Conceived as a collection of optical illusions, at a single location, twelve figures walk four identical routes in repetitive patterns, each trying to follow the movements of the person in front of them. As they move they concentrate on their steps and their rhythm and the repetition immunizes them from having to make sense of their movements. They move as if consumed by a single thought. The repetition turns them into somnambulists, as it were, in a world that seems to be outside the bounds of time. FLATFORM is a group of artists founded in 2007 and based in Milan and Berlin. Their exhibitions and screenings were present in film festivals like Venice IFF, Rotterdam IFF, Tampere IFF, Nouveau Cinema IFF (Montreal, Canada), Indielisboa IFF (Lisbon, Portugal), etc.

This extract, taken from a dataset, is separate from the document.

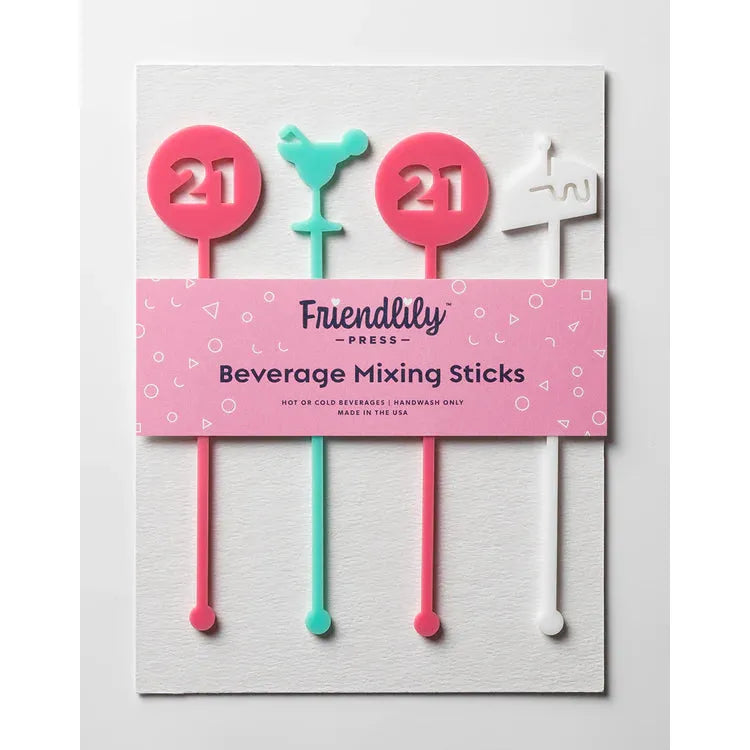 21st Birthday Drink Stirrers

Ioana Mischie: First of all, we would love to know how did you start to working together and what was the initial concept of Flatform as a collective artist? What were your initial beliefs, the initial challenges. And moreover, as you come from different backgrounds and countries (Italy and Germany) how did you succeed in combining the two perspectives?

Flatform: In 2006 two of us met during an exhibition they had been invited into, and, appreciating each other’s work, they decided to start a collaboration. Immediately after the invitation has been extended to two other artists. The initial group was then formed by three Italian artists and a Swede. Italy and Germany, or more precisely, Milan and Berlin are places and horizons within which grows daily more the work of art than real conjunctions of different perspectives. But, as is natural, the prospects differ automatically when you change the observatory. For us, this happens all the time.

Ioana Mischie: We perceived „56 700 seconds of invisible night and light” as collection of optical illusions, where you explore repetitive patterns of  the human being. These patterned-movements might be interpreted either as a struggle for escapism or as an apology for a continuum. It is a challenging contradiction. What inspired you in choosing this dimension of the human being and in surprising it into a short film?

Flatform: In this work the unity of place and action is guaranteed precariously through temporal discontinuity. The movements of the characters create trajectories and their repetition allows us to reflect on story telling and remembering. Story telling is to give one’s time: to enter inside the circle of the time movement. Remembering is to discover and understand, moving back to the rhythm of the return. The germ of the story is repetition.

Ioana Mischie: The editing you chose is highly innovative, by mixing the two different times into one, creating the feeling that everything is an intermittent omniscient mise-en-scene. Did you work with a script for the very beginning or it was rather a decision made during the post-production of the film?

Flatform: The installation combines, seamlessly within the action, the four takes shot at dawn, noon, during the sunset and at night. The editing has been developed starting from a script that in post-production has been disrupted more than once. Also with regard to editing, there is also a version of the video for multi-channel installations, in which the same frame is decomposed into several parts: each of these draws to a take shot in one of the 4 above mentioned moments of the day . In this way, the characters pass from a temporality to another one in the same image, and not in the same sequence.

Ioana Mischie:You set a new convention of mixing lights, times, spaces in a non-chronological manner, although this “different convention” on screen seems the “right, natural one”. What is your inner perception of time and space?

Flatform: For us, the time varies continuously between being infinite but limited and being finite but unlimited. In this video is the chronological time to be questioned. The space, however, is determined by the co-existence of trajectories defined by remembering and repetition. We are very interested to reconstruct the structure of the space starting from the perception of that space. Somehow ours is a geometric proceed  that always starts from the vision. However, both  time and space are always the result of the conventions with which one tries to block one of the infinite possible “real imaginaries”, by turning it in the only “imaginary Real”.

Ioana Mischie: What inspires you the most as artists and what themes and ideas you find worth-exploring and appealing for the cinematic language?

Flatform: The main sources of inspiration are both, the continuous challenge of the impossible versus the possible and the continuous confirmation that the thin and fragile boundaries between them are determined by the movement of the viewpoint. In this, the cinematic language helps to weigh and mature this difference.